Re: Cell Phone For VOIP - Home Device Imitates Provider Signal


Robert Bonomi (bonomi@host122.r-bonomi.com)
Sun, 31 Jul 2005 23:46:43 -0000

In article <telecom24.347.11@telecom-digest.org>, jhedfors
<jhedfors@gmail.com> wrote:

> I wonder if such a device is feasible?

> Could there be a device that gives give off a home network signal that
> your cell phone can connect to as it does your service provider? You
> could then user your cell handset for VOIP calls when near such a
> device.

> There is talk of special wi-fi enabled phones doing this, but this
> could be used with any phone, and could possibly be wi-fi enabled as
> well.

> Any thoughts?

"Feasible"?? H*LL NO!!

It would be a commercial transmitter. This requires FCC 'type
acceptance' or (in special cases) acceptance testing of the specific
transmitter. Costs are in the high-5-to-middle-6-figures left of the
decimal point.

A FCC station _license_ for that device would also be required. The
costs for generating the supporting data needed for the license are
'non trivial', to put it mildly.

That's _before_ considering the 'design' costs of such a device.
That's going to be _another_ high-5-to-middle-six-figure amount --
DESPITE the fact that you can use the basic design of a standard cell
station. You have to have 'something' to replace the functionality
for determining which cell answers a call, 'validating' the phone,
managing inter-cell hand-off, etc. Even if you're not using the
particular facilities for call management, you have to provide the
basic 'control' functions to the cell station for *it* to operate
properly. There's a *lot* of software to design/build/test, for
'emulating' the un-needed/un-used head-end functions required by a
standard cell base-station.

Next, you've got the tooling and start-up costs for the production
line to build the d*mn things.

Direct manufacturing cost is going to be in the low hundreds of
dollars, *minimum*. Plus 'overhead' costs -- things like advertising,
etc. Plus something towards recouping the 'development' costs
mentioned above. Plus distributer/wholesaler mark-ups.

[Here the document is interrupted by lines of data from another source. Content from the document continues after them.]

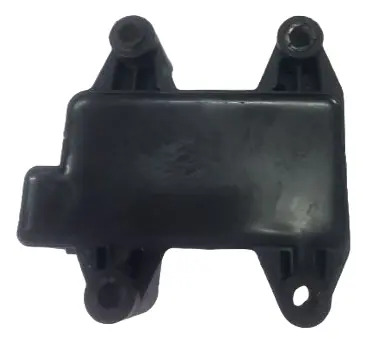Bobina Ignição Chery Cielo Face Tiggo 16v 2010/2015 - Imagem 6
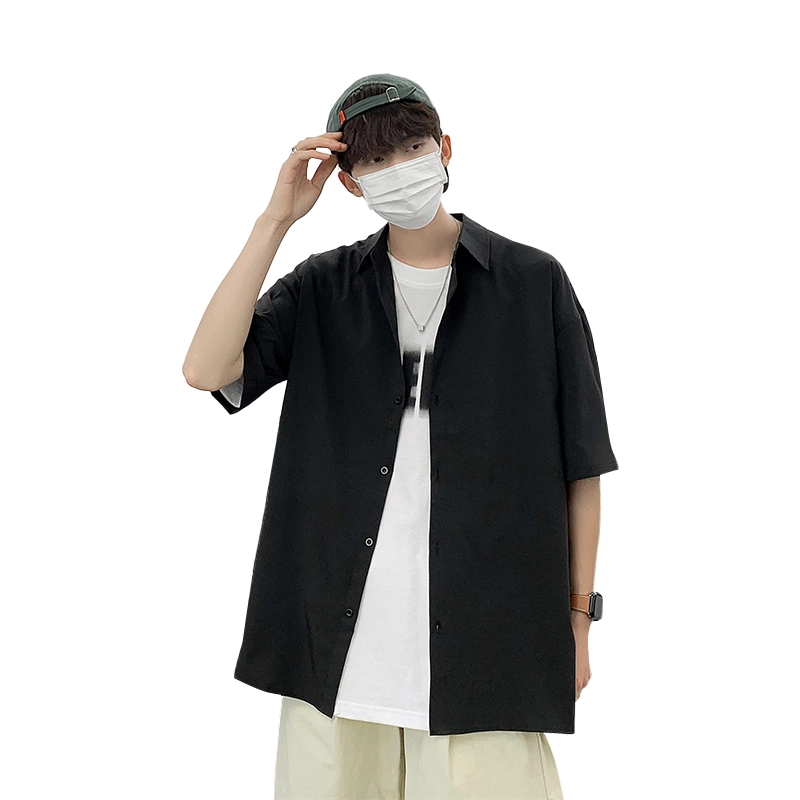 Fakeyoung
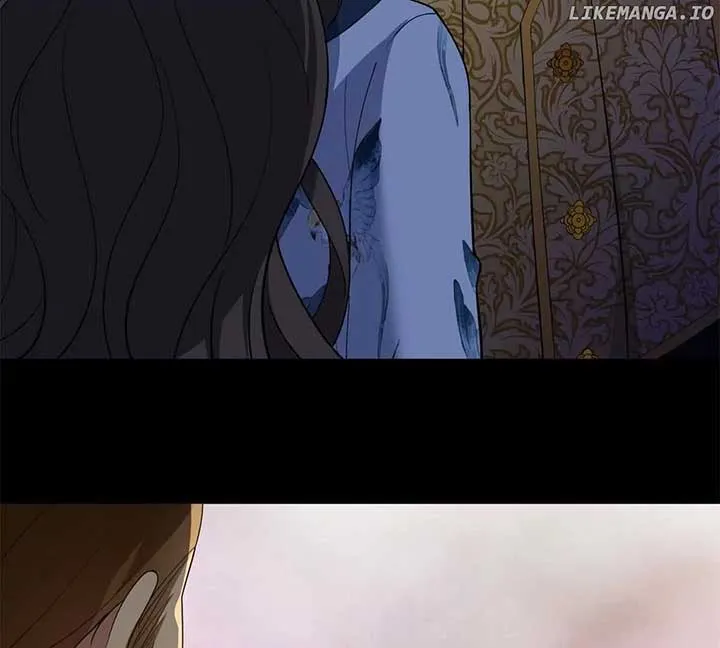 How to Change a Path Full of Thorns into One Full of Happiness Chapter 92 Online - página 3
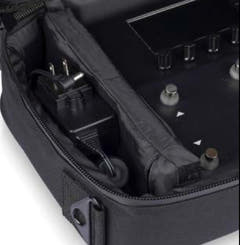 Line6 Pod Go Skulderveske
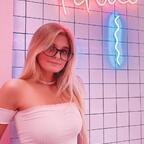 Аватар профиля OnlyFans candycookie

If you peg the total development/start-up cost at 'a few million
dollars', you have to sell a few thousand of these devices a year,
_at_a_PROFIT_ of over $100/unit, just to cover 'debt service' on the
development costs.

Totalling: several hundred manufacturing cost, minimum $100 for debt
service, plus 'something' towards retiring that debt, plus 'overhead'
-- mgmt, marketing, etc., plus distribution costs -- I don't see _how_
such a device could carry a 'street' price much below $1,000 (probably
_considerably_ higher). Considering that the buyer also has all the
expenses of getting that FCC station license, I really question
whether the sales of 'several thousand units/year' that the
debt-service figure was predicated on is reachable. If the market is
only 10 units/year, then you've got to get circa $10-25,000 per unit
_just_ for the 'debt service'.

After all that, there is the 'minor' issue of how that base station
'knows' what the particular phone's "home network" _is_. and how to
send the right 'magic incantations' associated therewith.

*AND* the matter of either 'co-ordinating' with the "real" cell-tower
network so that call-handling is 'handed off' to this device, *or* of
providing an over-riding signal such that the phone 'cannot see/hear'
the real network when in range of this device. In the latter
scenario, you have a *major* problem in ensuring that the "effect" of
your base-station doesn't extend to anybody else's phones -- going by
outside. (Not to mention the 'minor matter' of it being illegal to
intentionally interfere with the transmissions of another licensed
station. <wry grin>)

*AND* the "problem" that arises when two people -- in adjacent
apartments, say -- *both* try to install such a device. and one
person finds that in half his apartment, he's "closer" to the other
person's base station than he is to his _own_ station. Oh, yeah, their
phones are both on the same 'real' carrier, so you can't even
differentiate by 'home' network.

To make this idea "workable" -- in a theoretical sense -- you'd need
to re-design the cell *phone* itself. with a separate "mode" of
operation, where it locked up to this 'private' base-station, and made
no attempt to query the "common-management" and/or use an alternate
cell with a "better" signal.

If there is *one* thing that this 'crazy idea' is not, that thing is
'feasible'! "Feasible" means 'practical, from a _financial_ point' --
and 'finances' do look to be a real 'killer' for this project. Not
the only one, but a killer nonetheless.